Impact of import streamlining on food prices deemed uncertain

 Impact of import streamlining  on food prices deemed uncertain

By Adrian H. Halili, Reporter

THE streamlined approval process for agricultural imports may not result in lower food prices while endangering the livelihoods of domestic producers, analysts said.

“There is no assurance that relaxing non-tariff measures will result in lower consumer prices. And it might only encourage smuggling, undervaluation and misdeclaration of imports,” Federation of Free Farmers Na-tional Manager Raul Q. Montemayor said in a Viber message.

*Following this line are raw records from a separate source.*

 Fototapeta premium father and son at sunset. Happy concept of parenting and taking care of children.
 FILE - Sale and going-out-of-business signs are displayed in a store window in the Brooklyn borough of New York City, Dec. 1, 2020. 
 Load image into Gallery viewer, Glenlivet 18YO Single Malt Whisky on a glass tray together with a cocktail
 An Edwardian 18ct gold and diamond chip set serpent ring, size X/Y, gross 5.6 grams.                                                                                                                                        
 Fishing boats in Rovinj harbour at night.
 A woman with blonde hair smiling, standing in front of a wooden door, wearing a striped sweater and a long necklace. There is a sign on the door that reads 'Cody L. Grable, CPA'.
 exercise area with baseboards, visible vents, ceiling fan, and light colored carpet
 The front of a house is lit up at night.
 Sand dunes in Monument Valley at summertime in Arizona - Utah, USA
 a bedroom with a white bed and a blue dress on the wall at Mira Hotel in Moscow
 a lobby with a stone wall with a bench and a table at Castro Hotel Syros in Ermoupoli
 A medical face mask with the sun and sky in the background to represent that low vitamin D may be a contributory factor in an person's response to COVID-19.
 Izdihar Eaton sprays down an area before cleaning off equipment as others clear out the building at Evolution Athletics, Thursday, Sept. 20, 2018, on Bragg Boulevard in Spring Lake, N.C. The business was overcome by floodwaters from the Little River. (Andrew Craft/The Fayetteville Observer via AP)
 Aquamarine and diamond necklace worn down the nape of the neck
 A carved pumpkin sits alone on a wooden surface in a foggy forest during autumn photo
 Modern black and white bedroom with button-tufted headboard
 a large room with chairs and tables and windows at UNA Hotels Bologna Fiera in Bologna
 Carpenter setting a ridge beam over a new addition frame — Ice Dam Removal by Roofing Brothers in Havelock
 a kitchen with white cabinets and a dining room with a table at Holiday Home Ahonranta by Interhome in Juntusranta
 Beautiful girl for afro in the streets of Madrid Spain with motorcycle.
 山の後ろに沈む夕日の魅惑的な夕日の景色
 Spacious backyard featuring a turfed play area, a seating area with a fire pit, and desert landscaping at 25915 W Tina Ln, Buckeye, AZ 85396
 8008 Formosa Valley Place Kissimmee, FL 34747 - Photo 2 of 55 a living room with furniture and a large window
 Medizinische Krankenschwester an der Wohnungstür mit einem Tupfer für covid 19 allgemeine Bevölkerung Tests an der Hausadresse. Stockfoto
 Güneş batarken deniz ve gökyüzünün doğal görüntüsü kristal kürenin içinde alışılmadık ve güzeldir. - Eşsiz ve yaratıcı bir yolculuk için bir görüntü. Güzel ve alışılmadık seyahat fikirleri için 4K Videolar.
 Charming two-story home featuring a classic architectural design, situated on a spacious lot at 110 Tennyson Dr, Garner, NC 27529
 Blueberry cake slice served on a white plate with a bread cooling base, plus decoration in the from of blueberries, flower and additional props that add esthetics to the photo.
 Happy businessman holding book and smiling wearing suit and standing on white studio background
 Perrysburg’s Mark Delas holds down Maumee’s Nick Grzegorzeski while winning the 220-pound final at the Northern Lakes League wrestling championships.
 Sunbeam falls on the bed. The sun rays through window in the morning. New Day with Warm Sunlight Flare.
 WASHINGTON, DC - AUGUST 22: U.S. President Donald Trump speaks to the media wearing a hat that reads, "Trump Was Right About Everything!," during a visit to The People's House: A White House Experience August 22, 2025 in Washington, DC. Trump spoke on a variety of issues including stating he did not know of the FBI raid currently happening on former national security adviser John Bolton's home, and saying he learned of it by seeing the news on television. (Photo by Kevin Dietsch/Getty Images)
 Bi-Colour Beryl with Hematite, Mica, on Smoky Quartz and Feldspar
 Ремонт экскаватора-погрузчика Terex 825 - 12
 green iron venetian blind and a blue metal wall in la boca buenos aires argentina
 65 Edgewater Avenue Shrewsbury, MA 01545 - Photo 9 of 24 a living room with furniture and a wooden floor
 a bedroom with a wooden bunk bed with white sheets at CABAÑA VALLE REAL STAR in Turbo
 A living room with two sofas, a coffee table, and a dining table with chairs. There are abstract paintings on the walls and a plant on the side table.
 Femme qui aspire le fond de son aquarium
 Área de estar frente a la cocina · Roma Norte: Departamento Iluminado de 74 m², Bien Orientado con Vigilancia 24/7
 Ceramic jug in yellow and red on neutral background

Administrative Order No. 20 (AO 20) instructed the Departments of Agriculture (DA), Finance (DoF), and Trade and Industry (DTI) to simplify the administrative procedures for agricultural imports, as well as remove non-tariff barriers.

President Ferdinand R. Marcos, Jr. said the order was issued to ensure food security and bolster supply.

The DA was also tasked with reviewing the guidelines for importing sugar and fisheries products.

“The government (has) reduced the tariffs on prime commodities like rice, pork, and corn. Tariffs on other products are already very low. But these (measures) have not reduced retail prices,” Mr. Montemayor added.

Last year, the President approved Executive Order (EO) No. 50, extending the reduced tariff regime for rice imports to 35% for another year, applicable to shipments within or exceeding the minimum access volume.

Corn tariffs were set at 5% and 15% for in-quota and out-of-quota shipments, respectively. Pork tariffs were retained at 15% for shipments within the quota and 25% for those exceeding the quota.

Leonardo A. Lanzona, an economics professor with the Ateneo de Manila, said the order will not solve the country’s long-term supply problem.

“Allowing more imports can be a way of reducing inflation, mostly favoring consumers. General prices might have been reduced but remain higher than expected,” Mr. Lanzona said in a Messenger chat.

Inflation picked up to 3.7% in March from 3.4% in February and 7.6% a year earlier. Food inflation accelerated to 5.7%, the strongest reading since the 5.8% posted in November.

Danilo V. Fausto, president of the Philippine Chamber of Agriculture and Food, Inc. said in a Viber message that AO 20 may have a short-term impact on inflation but may “damage agricultural production over the long term.

“AO 20 will encourage and incentivize imports… If producers cannot compete with imports… farmers will leave farming and do something else to earn a living,” Mr. Fausto added.